Ravens force defense issue

Team ranked first overall, against run and against the pass

October 09, 2001|By Jamison Hensley | Jamison Hensley,SUN STAFF

The encore was deemed improbable.

But in many ways, the Ravens' defense may be putting on a better show this year.

With a quarter of the season complete, this year's Ravens defense has registered shutdowns rather than shutouts. Fresh off Sunday's 26-7 pasting of the Tennessee Titans, the Ravens (3-1) are ranked first in the league's top three defensive categories -- overall, against the run and against the pass -- a feat never accomplished by last year's record-setting group.

"As much as they don't want to believe, I think everyone is finally realizing that we're one of the top defenses in history," said defensive end Michael McCrary, who leads the Ravens with five sacks. "We're forcing the issue now with our consistency."

Even the Ravens' most-prized record may be at stake.

Last year, the Ravens allowed 55 points through their first four games in establishing the NFL's 16-game mark for fewest points (165). With 10 of 11 starters back this season, they have surrendered just 47, which come with an asterisk.

The five touchdowns scored against the Ravens this season have come as a result of four turnovers and a blocked punt.
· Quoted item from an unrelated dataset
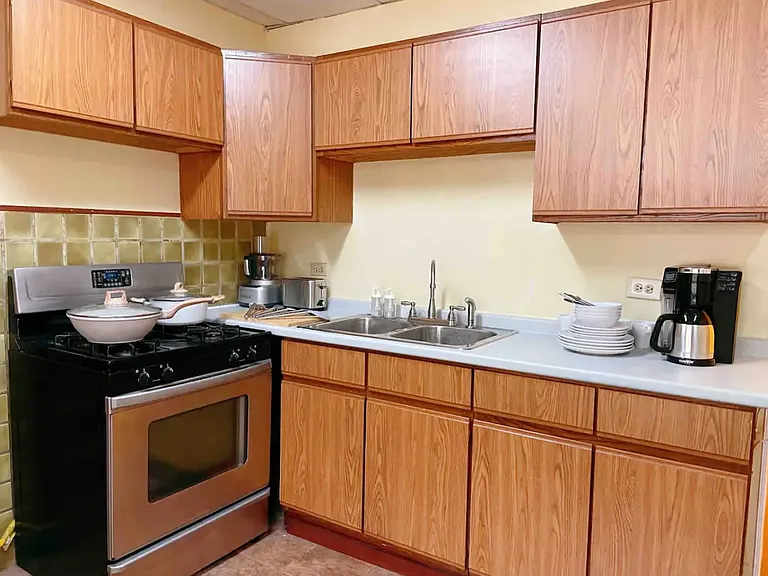 5432 Baywood St #1 — Photo 2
The three touchdown drives against the defense have been 3, 18 and 33 yards.

Can any team march 80 yards for a touchdown against the Ravens?

"It's almost an impossible task," cornerback Chris McAlister said. "When our defense is playing on all four cylinders and everybody is executing their assignments, I don't think a team can go 80 yards."

Said McCrary: "It's a difficult task. We've been showing teams for two years now. They keep coming in and trying to, but they pretty much abandon it after the first or second series."

On the first series of the season, the Chicago Bears moved the ball 74 yards to the Ravens' 2-yard line before settling for a field goal. Since then, no opponent has started a drive in its own territory and penetrated farther than the Ravens' 19-yard line.

"They know they can play good enough to keep people from scoring," defensive coordinator Marvin Lewis said. "They have that kind of confidence and we don't ever want to give that up."

This season's domination reached its peak on Sunday, when the Ravens forced a turnover or a three-and-out on nine of Tennessee's 13 possessions.

"They earned a shutout," Ravens coach Brian Billick said. "They really did. I know that sounds petty and personal. But I'm petty and personal, what the hell."

This week's test is the NFL's third-ranked offense, the Green Bay Packers (3-1), who aren't the happiest of groups nowadays.

After catching just one pass against the Buccaneers on Sunday, wide receiver and Baltimore native Antonio Freeman made it clear he is not thrilled with his current role. Quarterback Brett Favre only threw two of his 35 passes in Freeman's direction.

"I watch the film after every game, so I'm open," Freeman, a Poly graduate, said to Green Bay reporters after the game.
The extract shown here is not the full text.